“Currently, we are delivering gold to consumers in three locations – Mumbai, Delhi and Jaipur. Now, we are working on plans to deliver gold to jewellery exporters in major cities across the country,” said director Anand Trivedi.
Jewellery exporters are currently facing an acute shortage of gold due to import restrictions imposed by the Reserve Bank of India (RBI). On June 5, the RBI ordered nominated agencies and star trading houses to import gold to supply actual jewellery exporters. Earlier, banks had been asked to import gold only for supplying to exporters and hence, supply of the yellow metal to domestic jewellers was automatically kept in abeyance.
Since many nominated agencies and star trading houses could not commence gold import to service jewellery exporters, Sharma warned them their licences would be cancelled if gold for exporters was not imported. RBI has not put any restrictions on import of gold for exporters.

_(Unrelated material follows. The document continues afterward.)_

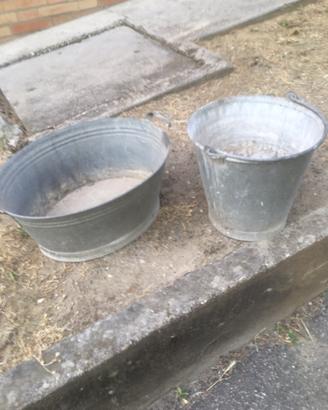Catinella e secchio zingati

“Since gold supply to jewellery exporters is completely non remunerative, importers are not interested in doing a service to them. Earlier, they were supplying gold to the tune of five-10 per cent of imported quantity to exporters. The remaining meant for domestic jewellers used to fetch them a healthy margin between five-seven per cent thereby making overall import profitable,” said Vipul Shah, chairman, Gems & Jewellery Export Promotion Council.
Out of 950 tonnes of gold imports, jewellery exporters require a meagre 60 tonnes. According to an estimate, MMTC imported 60 tonnes of gold last year, of which, hardly 2.5 tonnes were supplied to exporters. Jewellery exporters procure half of their gold requirement from Scotiabank.

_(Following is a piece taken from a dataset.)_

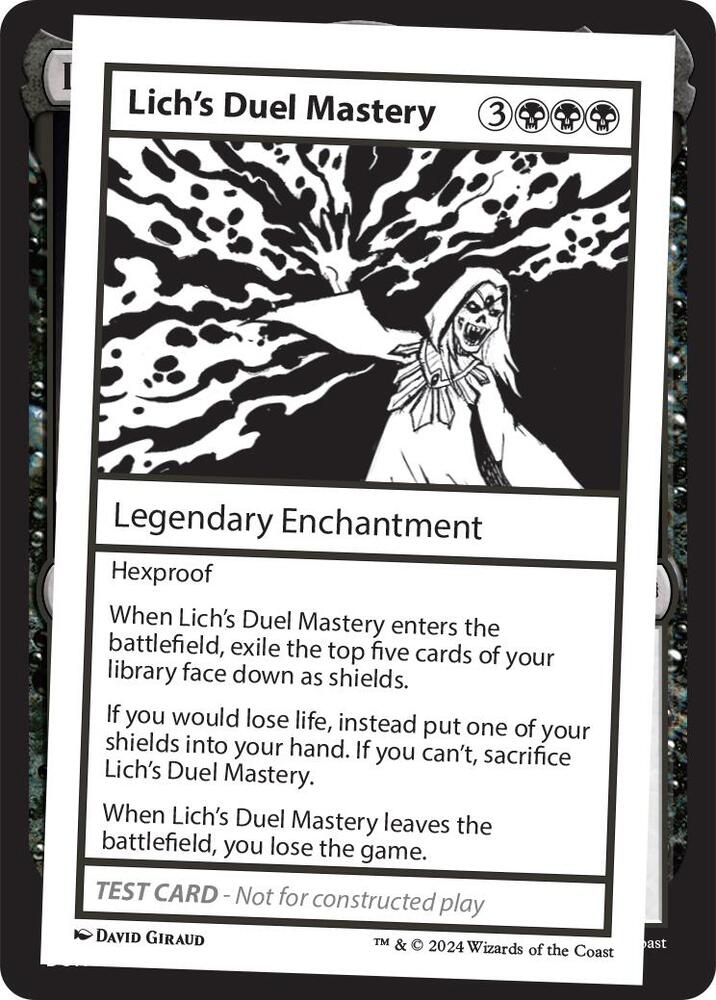 Lich's Duel Mastery card from Mystery Booster 2 Playtest Cards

Diamond India Ltd (DIL), a Mumbai-based company, imported gold worth Rs 2,000 crore during the last financial year. According to its chairman Praveen Shankar Pandya, a major chunk of it went to jewellery exporters.

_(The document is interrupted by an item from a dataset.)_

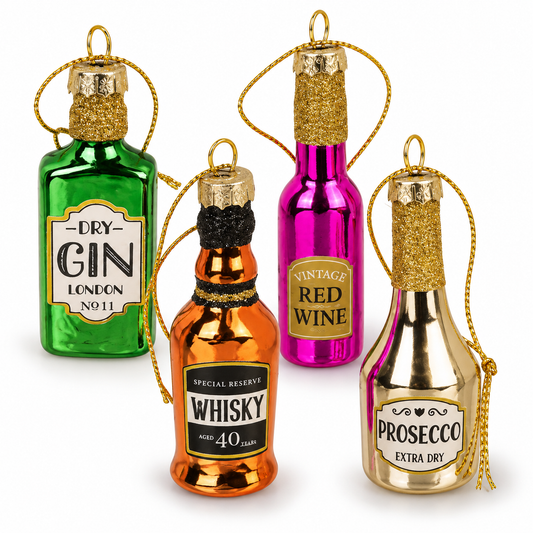 🎄 Stakleni božićni ukrasi bočice – Gin, Processco, Whiskey, Vino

“We have sought to set up a depot in Santacruz Electronics Export Processing Zone, Mumbai, for which the final decision is yet to come. With this, servicing exporters would be easier,” he added.
Gems and jewellery exports fell 16.5 per cent to $2.70 billion in May. In June too, the decline could be in double digits, which raises concerns for India’s burgeoning current account deficit.